From start to end, write out the following data exactly, apart from its images.

** Opening Entries shown block **

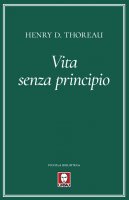 Vita senza principio - Henry D. Thoreau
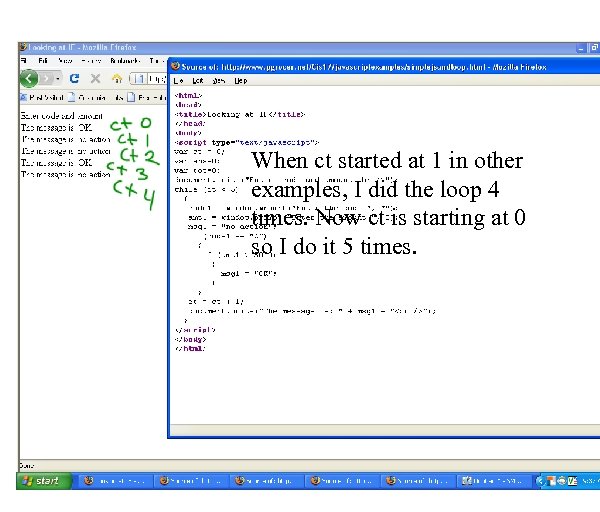When ct started at 1 in other examples, I did the loop 4 times.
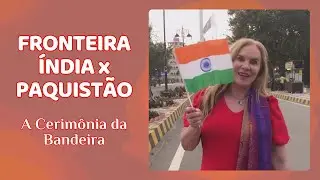 &Iacute;NDIA X PAQUIST&Atilde;O | CERIM&Ocirc;NIA NA FRONTEIRA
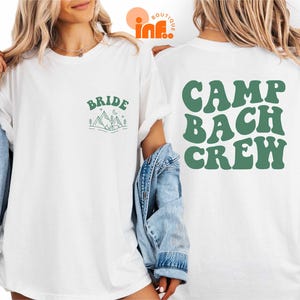 Camp Bachelorette Party Bride T-Shirt, Comfort Colors Bachelorette Crew Tee , Cabin Mountain Bride Tee, Hiking Bridal Party, Lake T-Shirt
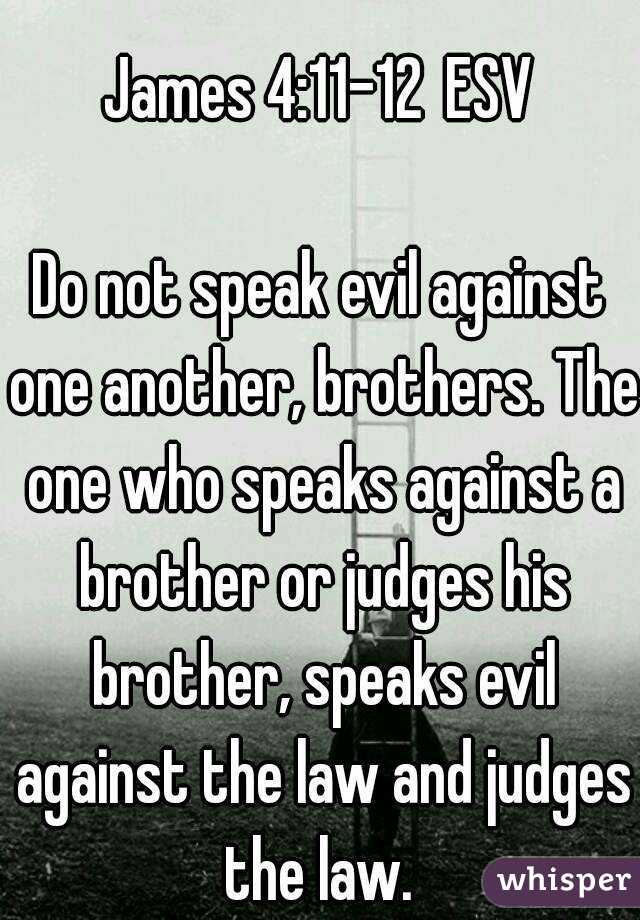 
James 4:11-12 ESV

Do not speak evil against one another, brothers. The one who speaks against a brother or judges his brother, speaks evil against the law and judges the law. 
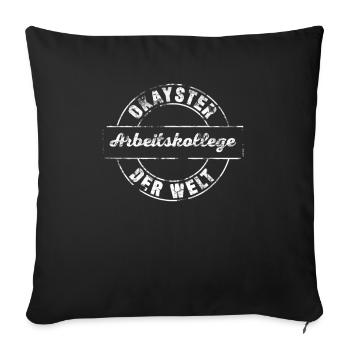 Lustiges Okayster Arbeitskollege der - Sofakissenbezug 45 x 45 cm - Schwarz - Vorne
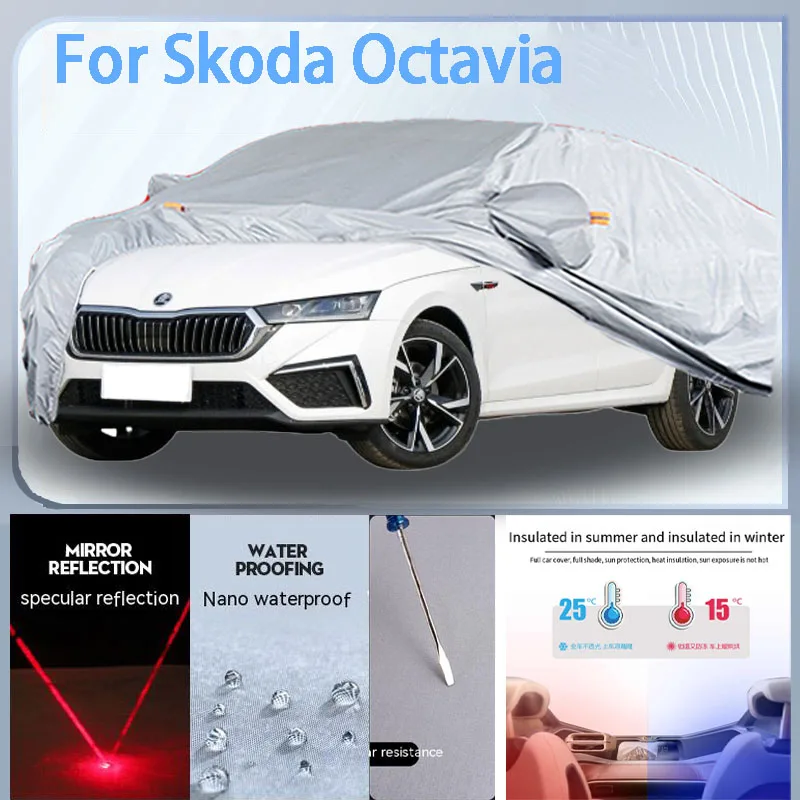 For Skoda Octavia Full  Car cover with UV protection and Winter Insulation roles,Rainproof,Snowproof Ati-frost properties.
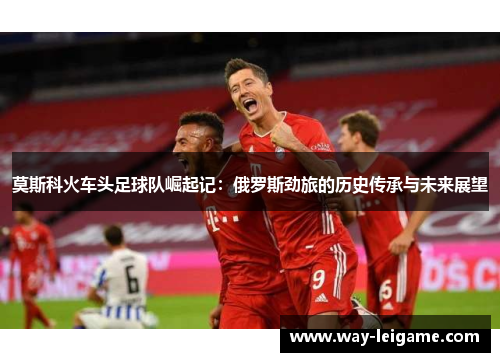 莫斯科火车头足球队崛起记:俄罗斯劲旅的历史传承与未来展望 莫斯科火车头足球队崛起记:俄罗斯劲旅的历史传承与未来展望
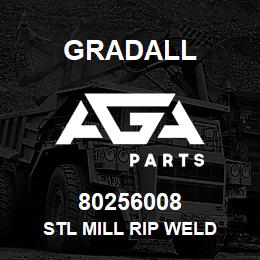 80256008 Gradall STL MILL RIP WELD | AGA Parts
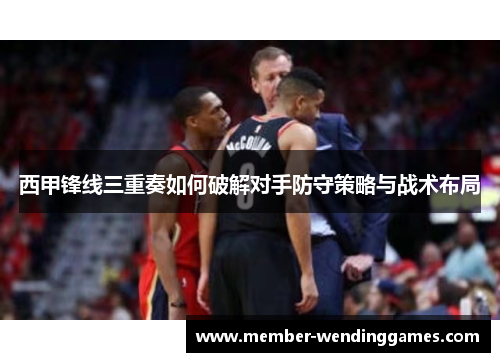西甲锋线三重奏如何破解对手防守策略与战术布局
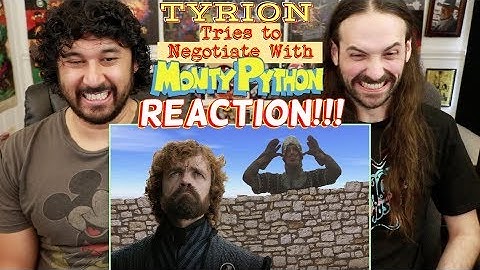TYRION Tries To Negotiate With MONTY PYTHON -  REACTION!!!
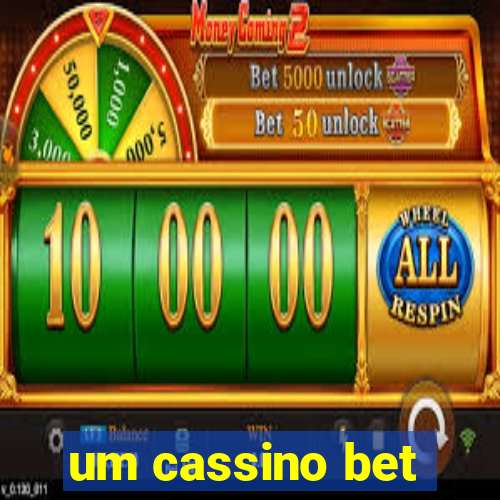 um cassino bet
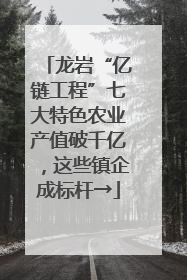 龙岩“亿链工程”七大特色农业产值破千亿，这些镇企成标杆→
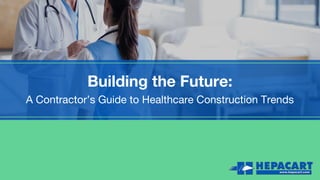 Building the Future:
A Contractor’s Guide to Healthcare Construction Trends
 
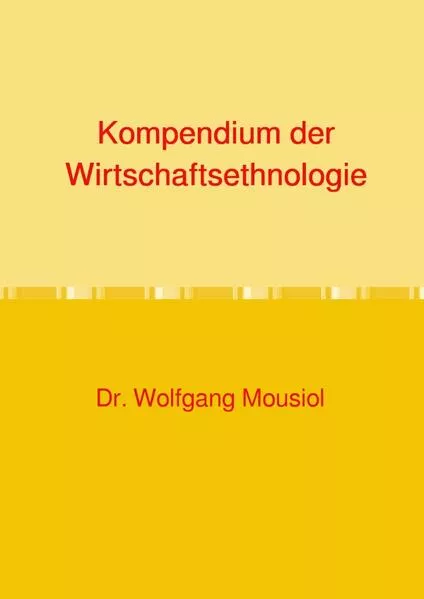 Kompendium der Wirtschaftsethnologie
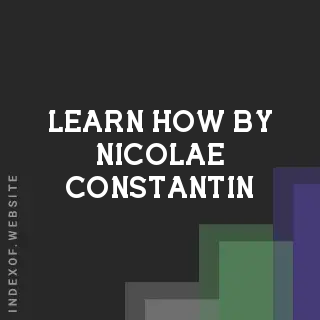 Learn How by Nicolae Constantin | Indexof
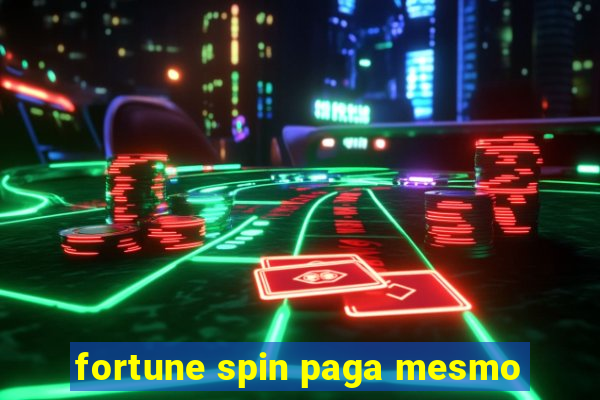 fortune spin paga mesmo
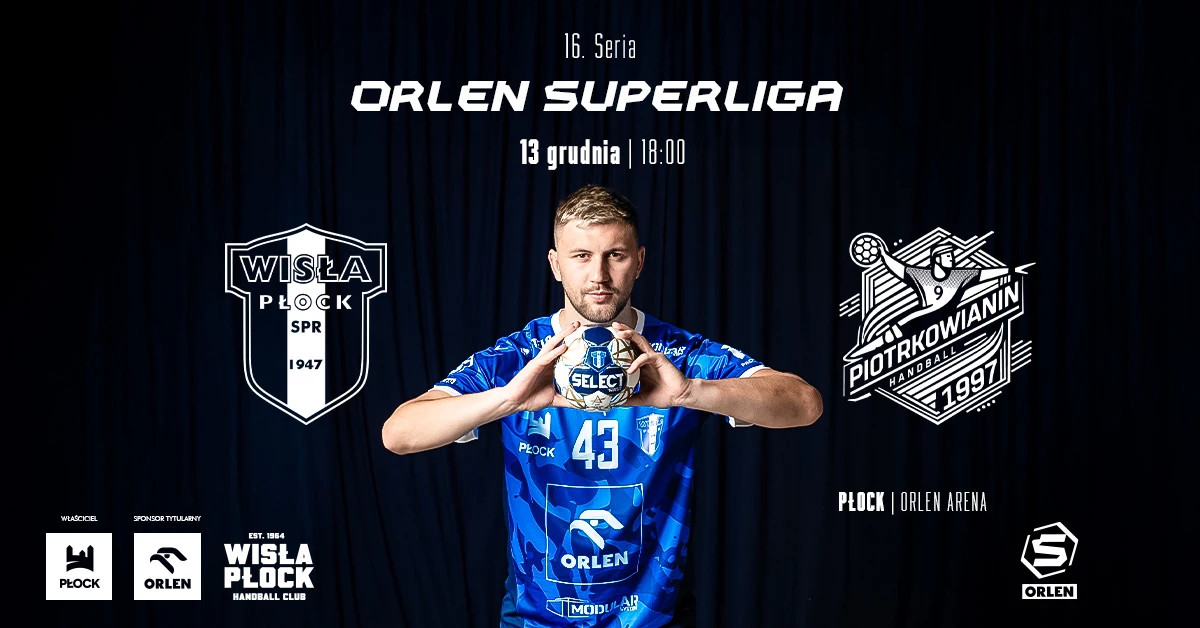 ORLEN Wisła Płock vs Piotrkowianin Piotrków Trybunalski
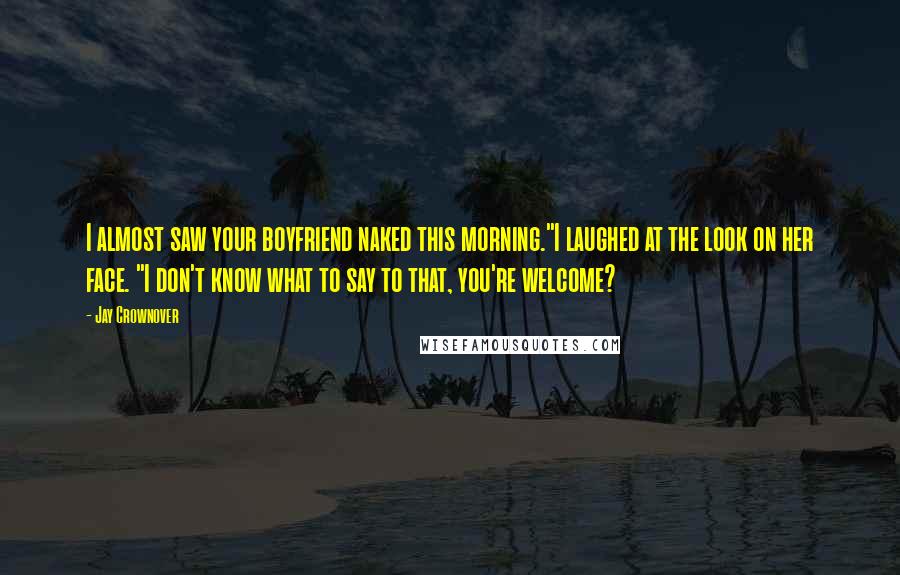 Jay Crownover Quotes: I almost saw your boyfriend naked this morning."I laughed at the look on her face. "I don't know what to say to that, you're welcome?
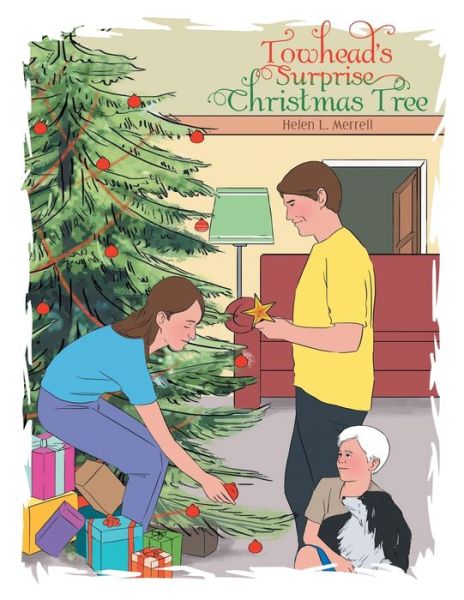 Towhead's Surprise Christmas Tree - Helen L Merrell - Books - Xlibris US - 9781796058383 - September 12, 2019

** Closing Entries shown block **

Solution for this task —
 Vita senza principio - Henry D. Thoreau
When ct started at 1 in other examples, I did the loop 4 times.
 &Iacute;NDIA X PAQUIST&Atilde;O | CERIM&Ocirc;NIA NA FRONTEIRA
 Camp Bachelorette Party Bride T-Shirt, Comfort Colors Bachelorette Crew Tee , Cabin Mountain Bride Tee, Hiking Bridal Party, Lake T-Shirt
James 4:11-12 ESV

Do not speak evil against one another, brothers. The one who speaks against a brother or judges his brother, speaks evil against the law and judges the law. 
 Lustiges Okayster Arbeitskollege der - Sofakissenbezug 45 x 45 cm - Schwarz - Vorne
 For Skoda Octavia Full  Car cover with UV protection and Winter Insulation roles,Rainproof,Snowproof Ati-frost properties.
 莫斯科火车头足球队崛起记:俄罗斯劲旅的历史传承与未来展望 莫斯科火车头足球队崛起记:俄罗斯劲旅的历史传承与未来展望
 80256008 Gradall STL MILL RIP WELD | AGA Parts
西甲锋线三重奏如何破解对手防守策略与战术布局
TYRION Tries To Negotiate With MONTY PYTHON -  REACTION!!!
 um cassino bet
 龙岩“亿链工程”七大特色农业产值破千亿，这些镇企成标杆→
 Building the Future:
A Contractor’s Guide to Healthcare Construction Trends
 
 Kompendium der Wirtschaftsethnologie
 Learn How by Nicolae Constantin | Indexof
 fortune spin paga mesmo
 ORLEN Wisła Płock vs Piotrkowianin Piotrków Trybunalski
 Jay Crownover Quotes: I almost saw your boyfriend naked this morning."I laughed at the look on her face. "I don't know what to say to that, you're welcome?
 Towhead's Surprise Christmas Tree - Helen L Merrell - Books - Xlibris US - 9781796058383 - September 12, 2019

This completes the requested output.